Washington DC's controversial (and unilateral) legalisation of intrastate online gambling appears to have survived a series of eight public consultation briefings rather well, according to reports this week in the Washington Post.
The briefings were conducted across the city on the insistence of some factions within the council, who were unhappy with the manner in which the legislation had been pushed through attached to a supplementary budget bill, and have questions regarding the association of its promoter, independent councillor Michael Brown A Brown, with pro gambling lobbyists.
The Washington Post reports that during the community briefings, conducted by the Washington DC Lottery, few city residents stood up to lodge objections to the notion of government-sponsored online gambling.
Instead, questions appear to have focused on the technology available to ensure player protection and the exclusion of problem gambers and the underaged, and concerns about where the city planned to spend the revenues generated by the games once implemented.
There were even a few enquiries about why the process was taking so long, according to some reports.
Illustrating the point, the Washington Post published some of the public comments:
“Nine million dollars is nine million dollars.” A reference to the expected initial revenues from the project.

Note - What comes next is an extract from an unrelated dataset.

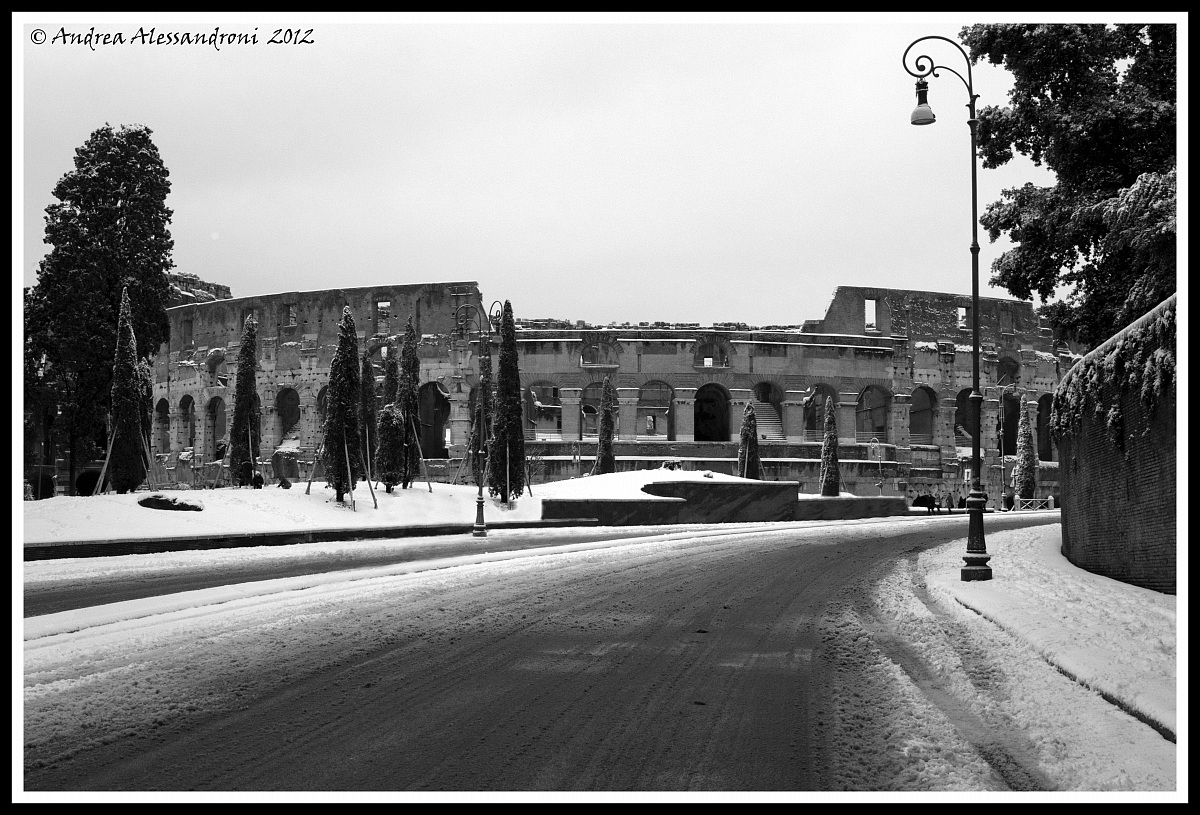 Roma snow time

“There’s nothing wrong with the District being first.” Washington DC will be the first to legalise internet gambling in the United States if the project continues.
“The District needs the money.” Residents wanted to ensure the cash goes to education or poverty relief.
“It’s just as good as the lottery; it’s the same thing.”
“I’d rather gamble my money in my home town rather than driving to [Atlantic City].”
The newspaper does not appear to be pro-online gambling, but did comment: “That the populace, by and large, has given online gambling its retroactive approval has made the questions about its origins more puzzling.”
It then went on to re-examine the manner in which Councillor Brown drove the measure through to its present standing as an approved city enabling law.
“Why, after all, would you try to slip what appears to be a popular proposal through the back door, when the front door would have caused a lot fewer headaches?” it asks before reprising the various and now well-worn arguments critical of Brown's successful introduction of the law, and delving once again into the labyrinthine nature of local politics and personalities.